▶ Directions: Leave every picture out and write out the records below exactly.

▶ Provided information:

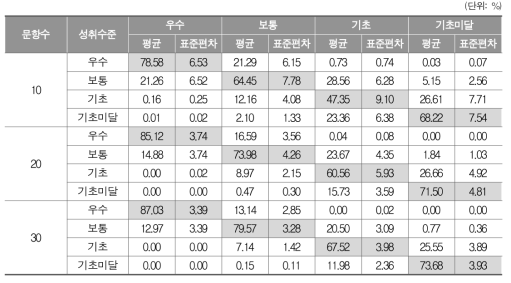 국어의 문항 수에 따른 성취수준별 정분류 비율
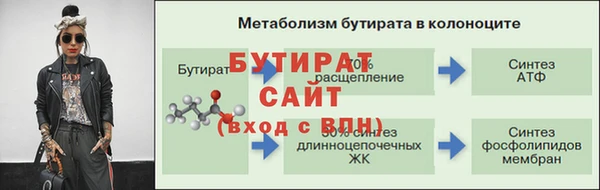 mix Мегион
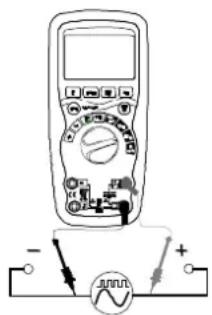 MULTIMETRIX DMM240 - Messen von Frequenzen/Tastverhältnis (elektronisch) - 1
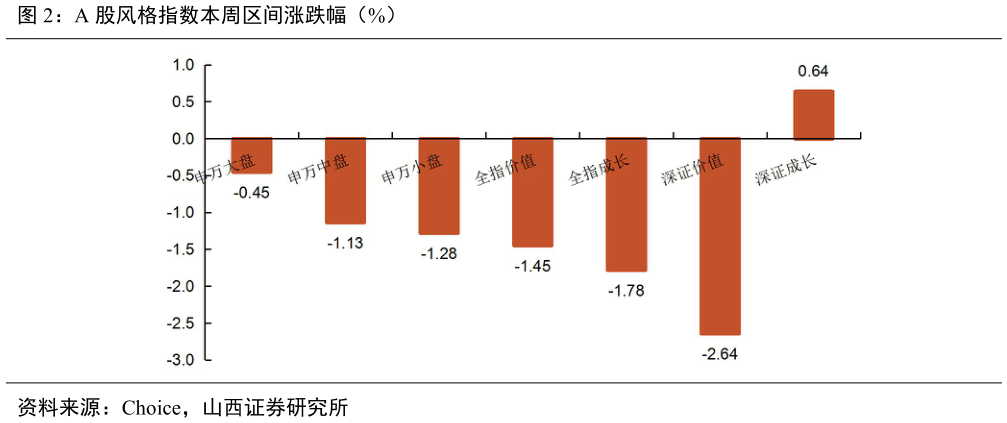 怎样理解A 股风格指数本周区间涨跌幅（%）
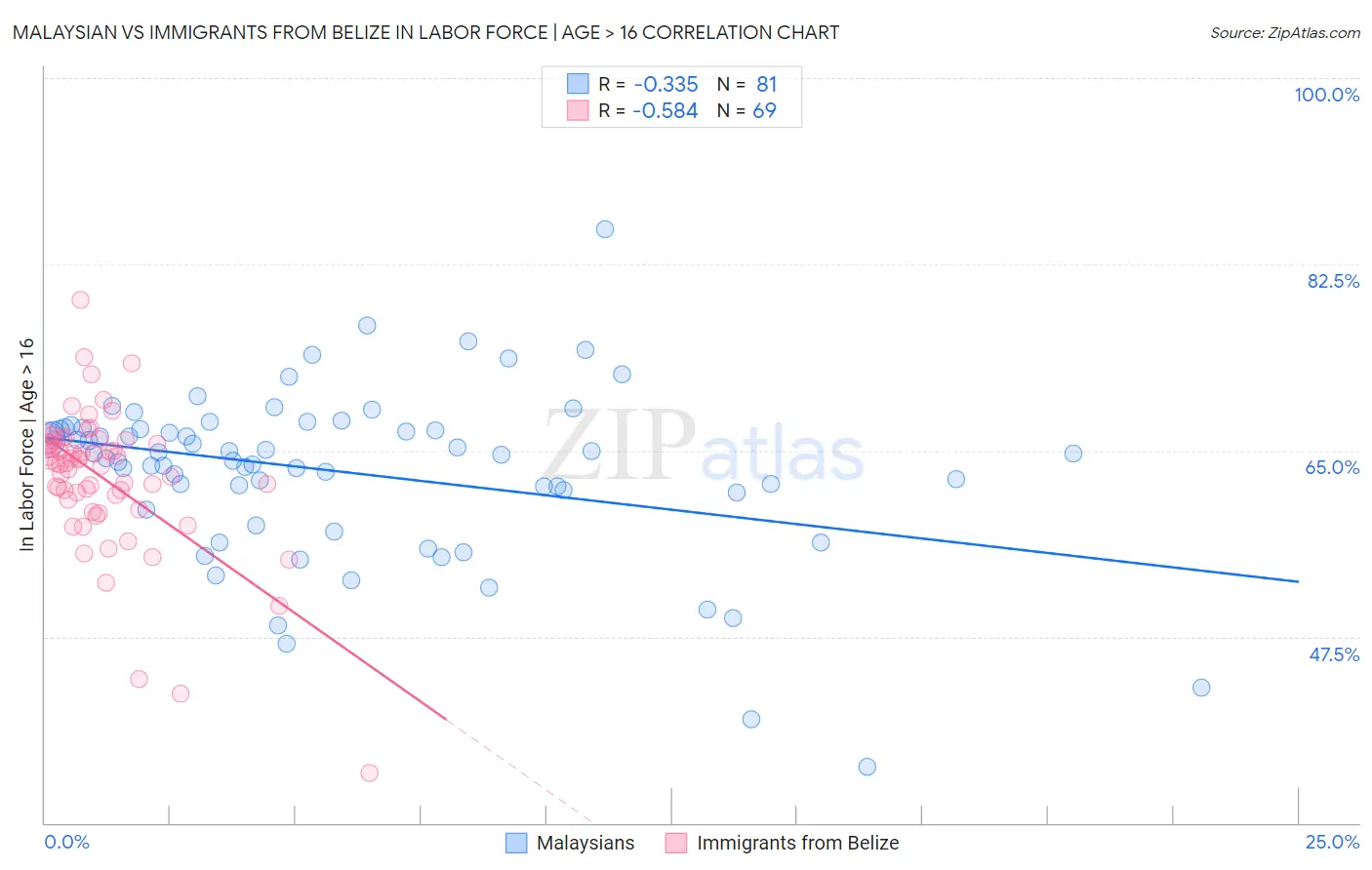 Malaysian vs Immigrants from Belize In Labor Force | Age > 16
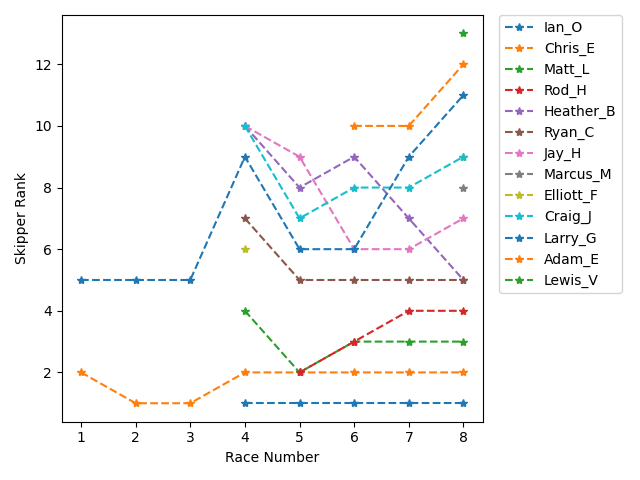 Rank History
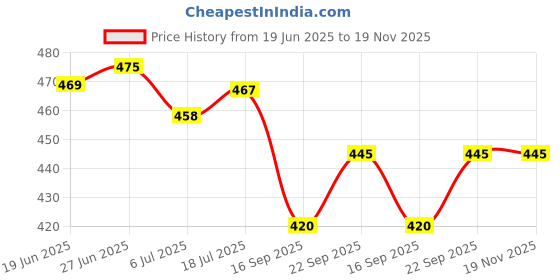flipkart.com lovehush Slip On Denim casual Loafers For Men Sneakers For Men lovehush Price History Graph from 19 Jun 2025 to 19 Nov 2025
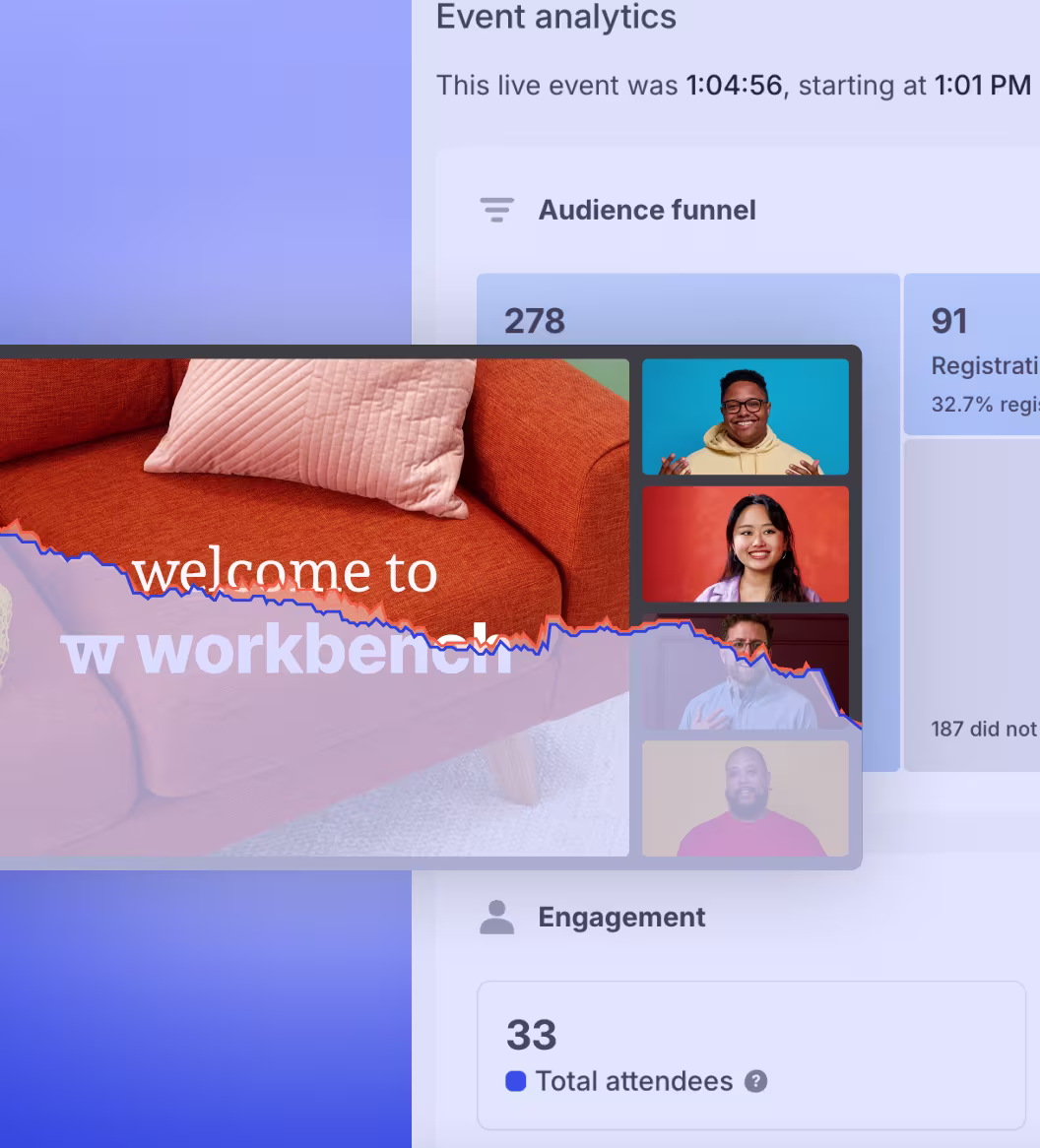 Webinar with four people up and an engagement metric overlay. Event analytics in the background.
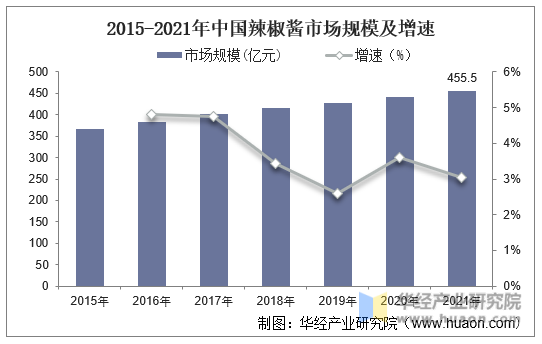 2015-2021年中国辣椒酱市场规模及增速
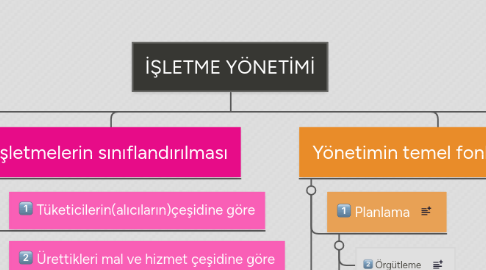 Mind Map: İŞLETME YÖNETİMİ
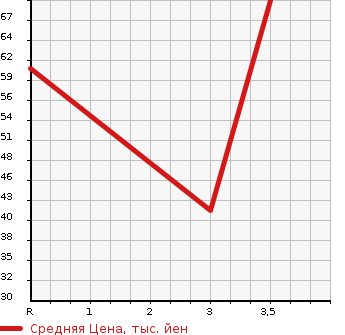 Аукционная статистика: График изменения цены MAZDA Мазда  SCRUM TRUCK Скрум Трак  2002 660 DG62T  в зависимости от аукционных оценок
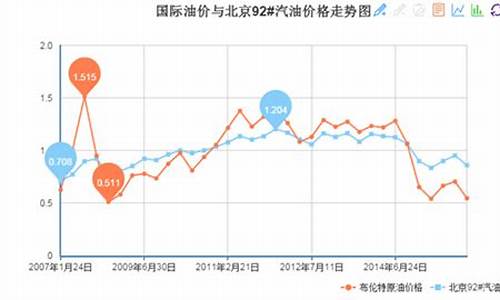 国际油价与中国的时差_国际油价和中国油价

▶ Response below:
 국어의 문항 수에 따른 성취수준별 정분류 비율
 mix Мегион
 MULTIMETRIX DMM240 - Messen von Frequenzen/Tastverhältnis (elektronisch) - 1
 怎样理解A 股风格指数本周区间涨跌幅（%）
 Malaysian vs Immigrants from Belize In Labor Force | Age > 16
 Rank History
flipkart.com lovehush Slip On Denim casual Loafers For Men Sneakers For Men lovehush Price History Graph from 19 Jun 2025 to 19 Nov 2025
 Webinar with four people up and an engagement metric overlay. Event analytics in the background.
 2015-2021年中国辣椒酱市场规模及增速
 Mind Map: İŞLETME YÖNETİMİ
 Аукционная статистика: График изменения цены MAZDA Мазда  SCRUM TRUCK Скрум Трак  2002 660 DG62T  в зависимости от аукционных оценок
 国际油价与中国的时差_国际油价和中国油价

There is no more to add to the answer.